▶ [EXERCISE OBJECTIVE]
Repeat the entries below exactly as they appear, with no pictures.

▶ [RECORDS SHOWN]
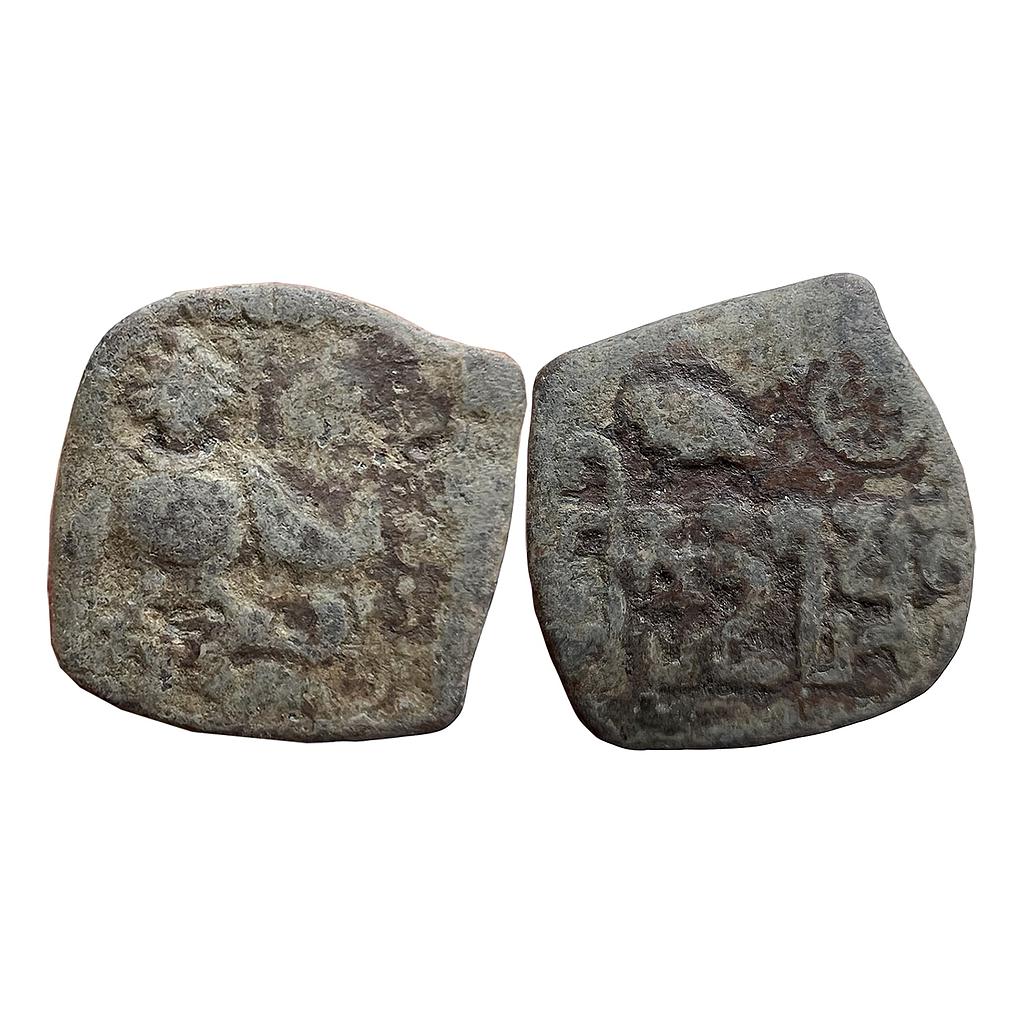 Ancient Gupta dynasty Skandagupta Lead Unit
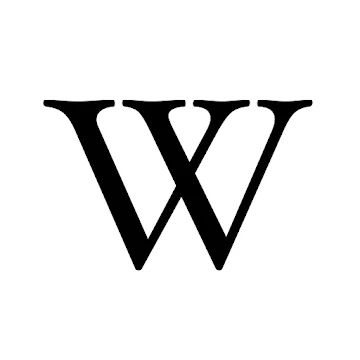 Wikipedia app icon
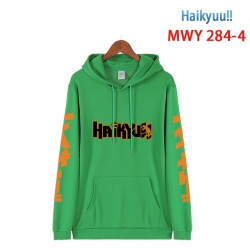 Haikyuu!! cartoon  Hooded Patc...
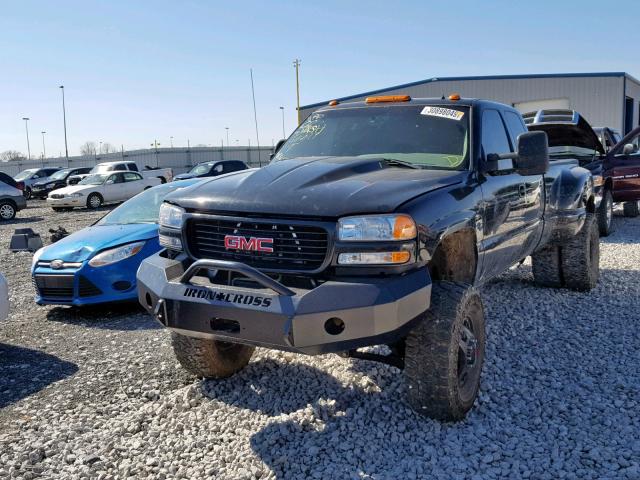 1GTJK39GX1E289425 - 2001 GMC NEW SIERRA BLUE photo 2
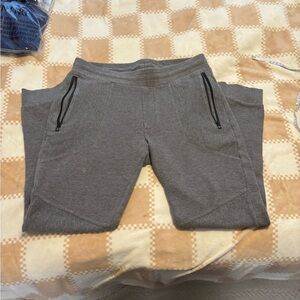 Calvin Klein Men's Charcoal Joggers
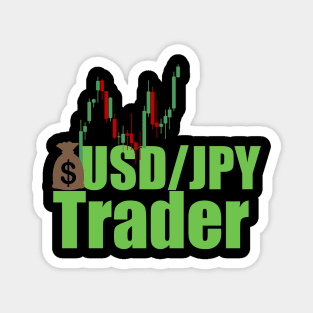 Dollar Yen Trader Magnet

▶ [REPLY TO THE EXERCISE]
 Ancient Gupta dynasty Skandagupta Lead Unit
 Wikipedia app icon
 Haikyuu!! cartoon  Hooded Patc...
 1GTJK39GX1E289425 - 2001 GMC NEW SIERRA BLUE photo 2
 Calvin Klein Men's Charcoal Joggers
 Dollar Yen Trader Magnet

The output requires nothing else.